The method according to an embodiment may be implemented in the form of a program command that can be executed through various computer means and recorded in a computer-readable medium. The computer-readable medium may include program instructions, data files, data structures, and the like, alone or in combination. The program instructions to be recorded on the medium may be those specially designed and configured for the embodiments or may be available to those skilled in the art of computer software. Examples of computer-readable media include magnetic media such as hard disks, floppy disks and magnetic tape; optical media such as CD-ROMs and DVDs; magnetic media such as floppy disks; Magneto-optical media, and hardware devices specifically configured to store and execute program instructions such as ROM, RAM, flash memory, and the like. Examples of program instructions include machine language code such as those produced by a compiler, as well as high-level language code that can be executed by a computer using an interpreter or the like. The hardware devices described above may be configured to operate as one or more software modules to perform the operations of the embodiments, and vice versa.

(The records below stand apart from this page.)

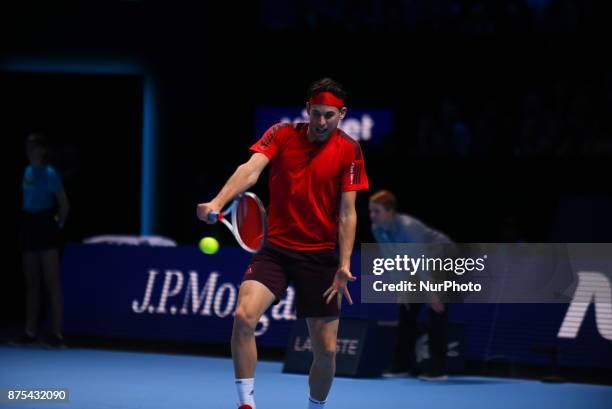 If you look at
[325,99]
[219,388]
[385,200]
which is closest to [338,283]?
[325,99]

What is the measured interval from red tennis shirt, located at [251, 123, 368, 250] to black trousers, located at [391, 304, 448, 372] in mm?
3653

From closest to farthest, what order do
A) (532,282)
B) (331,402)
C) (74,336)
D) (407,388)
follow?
(331,402)
(407,388)
(532,282)
(74,336)

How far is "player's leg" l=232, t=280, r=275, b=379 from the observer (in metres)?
6.35

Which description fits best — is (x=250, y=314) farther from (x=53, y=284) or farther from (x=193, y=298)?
(x=53, y=284)

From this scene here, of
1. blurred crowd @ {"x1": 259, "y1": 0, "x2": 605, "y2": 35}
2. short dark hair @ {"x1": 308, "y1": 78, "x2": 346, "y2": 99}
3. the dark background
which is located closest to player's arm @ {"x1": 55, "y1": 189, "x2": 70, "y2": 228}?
the dark background

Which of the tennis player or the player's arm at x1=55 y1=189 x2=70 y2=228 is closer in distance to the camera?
the tennis player

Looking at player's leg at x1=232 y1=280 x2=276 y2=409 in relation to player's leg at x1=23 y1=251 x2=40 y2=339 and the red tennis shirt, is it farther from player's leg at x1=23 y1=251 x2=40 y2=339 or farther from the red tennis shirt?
player's leg at x1=23 y1=251 x2=40 y2=339

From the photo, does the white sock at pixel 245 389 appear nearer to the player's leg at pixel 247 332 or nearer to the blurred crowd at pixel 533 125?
the player's leg at pixel 247 332

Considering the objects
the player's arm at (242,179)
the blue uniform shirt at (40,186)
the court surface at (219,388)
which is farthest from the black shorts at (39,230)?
the player's arm at (242,179)

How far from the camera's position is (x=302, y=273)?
6.66 m

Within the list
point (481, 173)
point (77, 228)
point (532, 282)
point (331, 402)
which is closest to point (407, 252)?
point (532, 282)

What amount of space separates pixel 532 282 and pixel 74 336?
17.4 feet

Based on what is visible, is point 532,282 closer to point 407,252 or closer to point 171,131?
point 407,252

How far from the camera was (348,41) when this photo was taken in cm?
1557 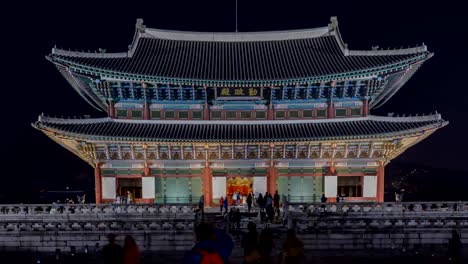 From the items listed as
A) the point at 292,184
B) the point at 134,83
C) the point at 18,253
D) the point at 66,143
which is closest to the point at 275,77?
the point at 292,184

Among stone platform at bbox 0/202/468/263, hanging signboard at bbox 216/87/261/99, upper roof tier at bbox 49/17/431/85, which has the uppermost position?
upper roof tier at bbox 49/17/431/85

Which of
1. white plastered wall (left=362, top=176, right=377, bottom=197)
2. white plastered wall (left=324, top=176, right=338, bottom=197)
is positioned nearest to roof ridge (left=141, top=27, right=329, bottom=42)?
white plastered wall (left=324, top=176, right=338, bottom=197)

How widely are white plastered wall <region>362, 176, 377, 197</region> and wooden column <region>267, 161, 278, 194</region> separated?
20.3ft

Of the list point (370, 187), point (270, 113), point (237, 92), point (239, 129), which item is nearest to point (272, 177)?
point (239, 129)

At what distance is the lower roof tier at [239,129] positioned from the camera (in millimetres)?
27562

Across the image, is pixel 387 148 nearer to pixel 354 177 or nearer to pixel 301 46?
pixel 354 177

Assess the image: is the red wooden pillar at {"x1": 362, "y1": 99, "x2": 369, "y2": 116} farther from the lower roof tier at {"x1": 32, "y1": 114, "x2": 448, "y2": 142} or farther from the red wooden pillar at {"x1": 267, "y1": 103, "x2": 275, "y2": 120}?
the red wooden pillar at {"x1": 267, "y1": 103, "x2": 275, "y2": 120}

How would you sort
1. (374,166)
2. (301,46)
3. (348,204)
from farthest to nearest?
(301,46), (374,166), (348,204)

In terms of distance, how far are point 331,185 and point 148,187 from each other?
41.5ft

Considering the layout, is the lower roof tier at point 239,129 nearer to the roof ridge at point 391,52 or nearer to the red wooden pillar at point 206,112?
the red wooden pillar at point 206,112

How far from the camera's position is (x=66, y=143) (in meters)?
30.4

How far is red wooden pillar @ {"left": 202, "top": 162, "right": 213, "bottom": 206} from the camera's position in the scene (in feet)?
97.5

While the present invention has been particularly shown and described with reference to exemplary embodiments thereof, it is to be understood that the invention is not limited to the disclosed exemplary embodiments. For example, it is to be understood that the techniques described may be performed in a different order than the described methods, and / or that components of the described systems, structures, devices, circuits, Lt; / RTI > or equivalents, even if it is replaced or replaced.

Therefore, other implementations, other embodiments, and equivalents to the claims are also within the scope of the following claims.

Claims

How to update the array to find the longest common sequence of two sequences.

How to find the longest common sequence from an array that has been updated.